_What the task requires_: Extract the complete data exactly as given.

_Information supplied_:
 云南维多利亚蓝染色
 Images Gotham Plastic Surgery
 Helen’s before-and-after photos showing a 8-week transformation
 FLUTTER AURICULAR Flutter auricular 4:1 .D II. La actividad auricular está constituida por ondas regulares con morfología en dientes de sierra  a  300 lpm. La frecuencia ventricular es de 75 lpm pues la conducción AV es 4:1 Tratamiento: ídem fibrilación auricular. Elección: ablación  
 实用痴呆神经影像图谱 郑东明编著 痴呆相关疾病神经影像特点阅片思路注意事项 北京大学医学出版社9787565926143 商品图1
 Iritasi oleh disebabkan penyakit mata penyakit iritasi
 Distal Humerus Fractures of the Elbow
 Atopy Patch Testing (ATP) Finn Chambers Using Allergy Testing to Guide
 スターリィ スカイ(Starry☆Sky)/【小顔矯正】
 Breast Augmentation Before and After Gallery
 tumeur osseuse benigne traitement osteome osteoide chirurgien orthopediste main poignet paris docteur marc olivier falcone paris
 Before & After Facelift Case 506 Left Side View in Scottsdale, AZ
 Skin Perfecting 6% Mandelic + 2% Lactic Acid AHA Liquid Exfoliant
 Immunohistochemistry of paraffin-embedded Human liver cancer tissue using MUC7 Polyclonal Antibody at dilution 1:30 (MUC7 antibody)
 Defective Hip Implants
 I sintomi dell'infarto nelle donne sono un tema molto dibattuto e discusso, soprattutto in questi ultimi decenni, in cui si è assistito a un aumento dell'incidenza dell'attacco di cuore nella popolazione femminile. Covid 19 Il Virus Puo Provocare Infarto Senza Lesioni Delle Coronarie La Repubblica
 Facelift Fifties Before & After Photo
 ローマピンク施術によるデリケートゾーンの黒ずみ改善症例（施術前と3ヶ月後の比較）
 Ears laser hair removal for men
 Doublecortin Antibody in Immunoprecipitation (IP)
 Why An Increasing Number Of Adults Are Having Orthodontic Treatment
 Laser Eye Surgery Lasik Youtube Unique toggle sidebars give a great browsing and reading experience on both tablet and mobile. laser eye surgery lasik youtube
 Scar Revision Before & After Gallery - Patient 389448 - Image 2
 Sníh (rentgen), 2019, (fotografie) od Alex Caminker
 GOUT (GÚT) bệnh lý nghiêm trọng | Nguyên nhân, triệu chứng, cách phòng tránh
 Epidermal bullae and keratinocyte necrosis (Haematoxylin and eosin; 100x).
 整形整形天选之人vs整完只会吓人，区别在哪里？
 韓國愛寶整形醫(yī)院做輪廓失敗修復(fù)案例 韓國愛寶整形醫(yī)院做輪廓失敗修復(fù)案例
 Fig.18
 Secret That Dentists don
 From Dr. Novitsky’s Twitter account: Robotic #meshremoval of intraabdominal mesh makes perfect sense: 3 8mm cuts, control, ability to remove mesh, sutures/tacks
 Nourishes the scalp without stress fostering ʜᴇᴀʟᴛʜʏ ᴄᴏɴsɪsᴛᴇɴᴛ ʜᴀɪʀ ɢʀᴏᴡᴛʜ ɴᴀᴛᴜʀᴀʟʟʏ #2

_Answer area_:
 云南维多利亚蓝染色
 Images Gotham Plastic Surgery
 Helen’s before-and-after photos showing a 8-week transformation
 FLUTTER AURICULAR Flutter auricular 4:1 .D II. La actividad auricular está constituida por ondas regulares con morfología en dientes de sierra  a  300 lpm. La frecuencia ventricular es de 75 lpm pues la conducción AV es 4:1 Tratamiento: ídem fibrilación auricular. Elección: ablación  
 实用痴呆神经影像图谱 郑东明编著 痴呆相关疾病神经影像特点阅片思路注意事项 北京大学医学出版社9787565926143 商品图1
 Iritasi oleh disebabkan penyakit mata penyakit iritasi
 Distal Humerus Fractures of the Elbow
 Atopy Patch Testing (ATP) Finn Chambers Using Allergy Testing to Guide
 スターリィ スカイ(Starry☆Sky)/【小顔矯正】
 Breast Augmentation Before and After Gallery
 tumeur osseuse benigne traitement osteome osteoide chirurgien orthopediste main poignet paris docteur marc olivier falcone paris
 Before & After Facelift Case 506 Left Side View in Scottsdale, AZ
 Skin Perfecting 6% Mandelic + 2% Lactic Acid AHA Liquid Exfoliant
 Immunohistochemistry of paraffin-embedded Human liver cancer tissue using MUC7 Polyclonal Antibody at dilution 1:30 (MUC7 antibody)
 Defective Hip Implants
 I sintomi dell'infarto nelle donne sono un tema molto dibattuto e discusso, soprattutto in questi ultimi decenni, in cui si è assistito a un aumento dell'incidenza dell'attacco di cuore nella popolazione femminile. Covid 19 Il Virus Puo Provocare Infarto Senza Lesioni Delle Coronarie La Repubblica
 Facelift Fifties Before & After Photo
 ローマピンク施術によるデリケートゾーンの黒ずみ改善症例（施術前と3ヶ月後の比較）
 Ears laser hair removal for men
 Doublecortin Antibody in Immunoprecipitation (IP)
 Why An Increasing Number Of Adults Are Having Orthodontic Treatment
 Laser Eye Surgery Lasik Youtube Unique toggle sidebars give a great browsing and reading experience on both tablet and mobile. laser eye surgery lasik youtube
 Scar Revision Before & After Gallery - Patient 389448 - Image 2
 Sníh (rentgen), 2019, (fotografie) od Alex Caminker
 GOUT (GÚT) bệnh lý nghiêm trọng | Nguyên nhân, triệu chứng, cách phòng tránh
 Epidermal bullae and keratinocyte necrosis (Haematoxylin and eosin; 100x).
 整形整形天选之人vs整完只会吓人，区别在哪里？
 韓國愛寶整形醫(yī)院做輪廓失敗修復(fù)案例 韓國愛寶整形醫(yī)院做輪廓失敗修復(fù)案例
 Fig.18
 Secret That Dentists don
 From Dr. Novitsky’s Twitter account: Robotic #meshremoval of intraabdominal mesh makes perfect sense: 3 8mm cuts, control, ability to remove mesh, sutures/tacks
 Nourishes the scalp without stress fostering ʜᴇᴀʟᴛʜʏ ᴄᴏɴsɪsᴛᴇɴᴛ ʜᴀɪʀ ɢʀᴏᴡᴛʜ ɴᴀᴛᴜʀᴀʟʟʏ #2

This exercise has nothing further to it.